KR20, α, and R are all estimates of the ratio between true variance and observed variance, and specify the observed variance as the sum of true and error variance. However, they differ for the way in which these quantities are obtained. Let us consider, for instance, a cognitive test with correct and incorrect item responses. In KR20, the error variance is computed as the sum of the variances of the items. In particular, with p_i denoting the proportion of correct responses to item i = 1,2,…,I, the error variance is $\sum_{i = 1}^{I} p_{i} (1 - p_{i})$ . For dichotomous responses, p_i corresponds to the sample mean of the responses to item i. Thus, it represents what is expected from an “average” respondent from the sample on item i (Wright and Stone, 1999). When the variances p_i(1−p_i) are summed across the items, an error variance is obtained that represents the error variance of an “average” respondent from the sample. Respondents with high or low scores have less error variance than “average” respondents. Thus, the error variance of an “average” respondent used in KR20 overestimates the error variance of respondents with high or low scores. Furthermore, such an error variance is not the same as an average of the error variances of individual respondents. If the score distribution is not symmetric, the two quantities are different (Wright and Stone, 1999). Rasch measurement provides, for each estimate of a respondent’s trait level, an accompanying estimate of the precision of the measure, called standard error (SE). The lower the SE, the higher the precision of trait level estimate. These individual SEs are used to compute the average error variance of the sample. In particular, with SE_n denoting the standard error associated with the trait level estimate of respondent n = 1, 2, …, N, the average error variance of the sample is given by $\frac{\sum_{n = 1}^{N} S E_{n}^{2}}{N}$ .

KR20 and α use respondents’ test scores (each of which being the sum of the responses over all items) in calculating the observed variance. This is potentially misleading. On the one hand, test scores are not linear representations of the variable they are intended to represent. For instance, a compression of the scale is bound to occur near the lower and upper boundaries of the score domain (“floor” and “ceiling” effects, respectively; Fischer, 2003). On the other hand, calculation of mean and variance necessary to obtain the observed variance assumes linearity in the numbers that are used (Wright and Stone, 1999). Thus, the observed variance computed from test scores might be incorrect to some degree. Contrariwise, if the data fit the Rasch model, the measures estimated for each respondent are on a linear scale, thus being numerically suitable for calculating the observed variance (Wright and Stone, 1999; Smith, 2001).

Given the aforementioned differences, classical and modern estimates of internal consistency might differ to some extent.
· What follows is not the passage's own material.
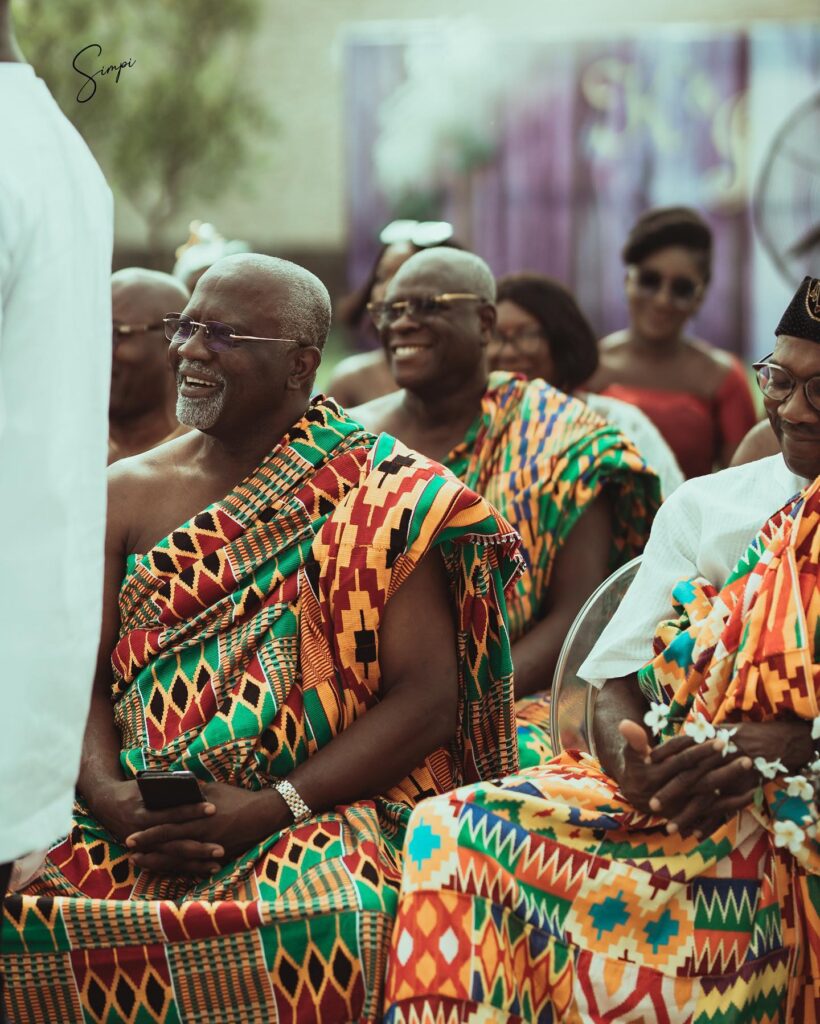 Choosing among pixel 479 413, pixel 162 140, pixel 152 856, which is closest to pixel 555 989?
pixel 152 856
Compared with KR20 and α, R is expected to be a better index of internal consistency as the numerical values are linear rather than non-linear, and the actual average error variance of the sample is used instead on the error variance of an “average” respondent.

The estimates of internal consistency might be affected by particular response behaviors. For instance, Pastore and Lombardi (2013) observed that α decreases with the increasing of the proportion of fake-good responses (i.e., responses aimed at providing a positive self-description) in the data set. The estimates of internal consistency might also be affected by random responding, that is a response set where individuals do not consider the content of the items and randomly choose all response options one by one. Random responding is not uncommon when respondents do not have an intrinsic interest in the investigation, the test is long, and the setting is uncontrolled (such as, e.g., in interned-based surveys; Johnson, 2005; Meade and Craig, 2012).
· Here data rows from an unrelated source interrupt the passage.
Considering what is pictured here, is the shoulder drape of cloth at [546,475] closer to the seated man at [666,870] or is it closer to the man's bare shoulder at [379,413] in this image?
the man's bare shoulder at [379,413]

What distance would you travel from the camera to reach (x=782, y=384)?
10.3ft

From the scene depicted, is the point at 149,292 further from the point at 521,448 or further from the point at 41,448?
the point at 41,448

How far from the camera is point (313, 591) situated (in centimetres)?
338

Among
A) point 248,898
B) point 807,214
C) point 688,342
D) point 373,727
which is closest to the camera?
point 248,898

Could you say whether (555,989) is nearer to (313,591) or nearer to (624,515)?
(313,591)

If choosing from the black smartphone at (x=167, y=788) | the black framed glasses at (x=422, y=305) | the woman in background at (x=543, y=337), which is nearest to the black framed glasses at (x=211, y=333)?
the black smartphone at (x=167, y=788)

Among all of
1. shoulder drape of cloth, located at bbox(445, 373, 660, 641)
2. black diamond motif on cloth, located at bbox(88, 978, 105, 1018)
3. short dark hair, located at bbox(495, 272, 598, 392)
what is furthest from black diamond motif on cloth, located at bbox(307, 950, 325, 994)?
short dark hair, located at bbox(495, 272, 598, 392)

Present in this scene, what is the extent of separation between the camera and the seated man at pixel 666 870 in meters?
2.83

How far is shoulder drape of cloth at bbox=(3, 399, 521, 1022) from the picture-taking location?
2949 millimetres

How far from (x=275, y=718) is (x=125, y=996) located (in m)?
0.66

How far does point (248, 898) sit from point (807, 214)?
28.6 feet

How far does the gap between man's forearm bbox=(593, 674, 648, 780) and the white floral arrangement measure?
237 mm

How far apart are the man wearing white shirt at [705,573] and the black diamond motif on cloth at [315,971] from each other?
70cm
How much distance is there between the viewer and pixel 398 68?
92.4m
A method for identifying random responding requires the use of special items and scales. Examples include bogus items (e.g., “the water is wet”), instructed response items (e.g., “respond with a 2 for this item”), lie scales (e.g., MMPI-2 Lie scale), and scales for assessing inconsistent responding (e.g., MMPI-2 VRIN and TRIN scales). A drawback of this method is that testing time is lengthened.

Rasch framework provides methods and procedures for identifying and handling unexpected response behaviors. Mean-square fit statistics are computed for each individual and each item. Their expected value is 1. Values greater than 1 indicate underfit to the model (i.e., the responses are less predictable than the Rasch model expects), whereas values smaller than 1 indicate overfit (i.e., the responses are more predictable than the model expects; Linacre, 2002b). There are two types of mean-square fit statistics: outfit and infit. Outfit is mostly influenced by unexpected responses of high entity, whereas infit is mostly influenced by unexpected responses of small entity. An example of unexpected response is an incorrect response to an item for which a correct response is expected (i.e., an item for which, according to the Rasch model, the probability of a correct response is larger than that of an incorrect response). If the probability of the correct response is much larger than that of the incorrect response, the unexpected response mainly influences outfit. If the probability of the correct response is slightly larger than that of the incorrect response, the unexpected response mainly influences infit.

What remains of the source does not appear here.